> **What you have to do**
Your task is to repeat exactly the lines below between the line holding "When Will There" and the line holding "Problems and Solutions", inclusive, and only those.

> **Record set**
----------

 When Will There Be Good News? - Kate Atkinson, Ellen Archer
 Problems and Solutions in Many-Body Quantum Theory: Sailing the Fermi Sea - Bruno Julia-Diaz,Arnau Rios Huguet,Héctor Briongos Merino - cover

----------

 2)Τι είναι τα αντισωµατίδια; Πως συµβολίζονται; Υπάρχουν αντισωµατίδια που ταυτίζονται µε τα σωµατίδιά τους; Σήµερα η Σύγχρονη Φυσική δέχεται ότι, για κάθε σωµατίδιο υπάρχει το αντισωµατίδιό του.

----------

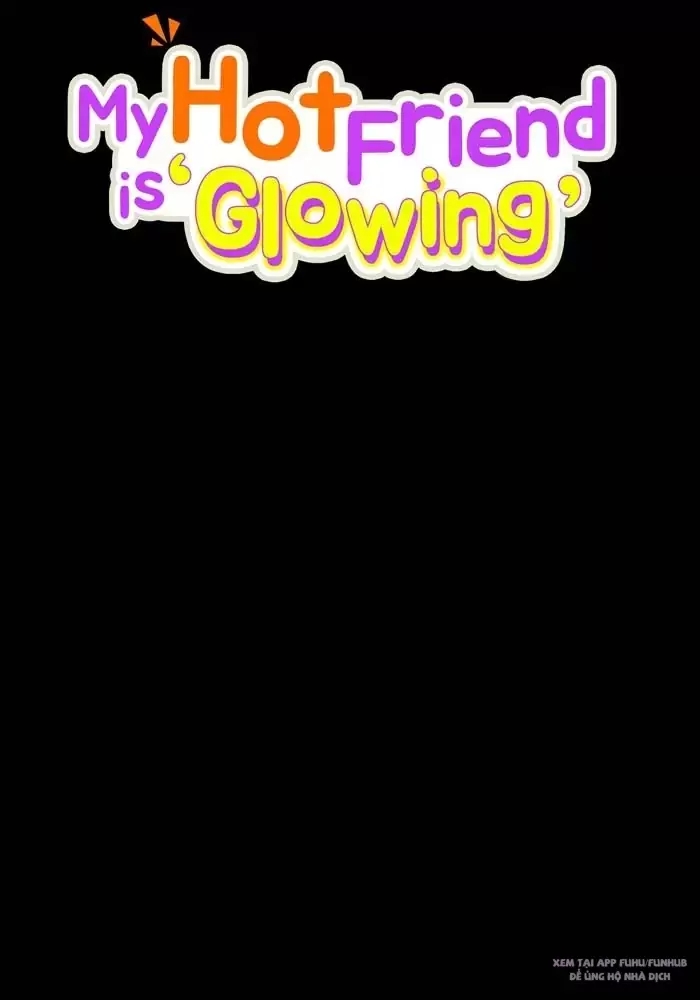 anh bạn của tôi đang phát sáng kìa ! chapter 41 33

----------

> **Exercise response**
 When Will There Be Good News? - Kate Atkinson, Ellen Archer
 Problems and Solutions in Many-Body Quantum Theory: Sailing the Fermi Sea - Bruno Julia-Diaz,Arnau Rios Huguet,Héctor Briongos Merino - cover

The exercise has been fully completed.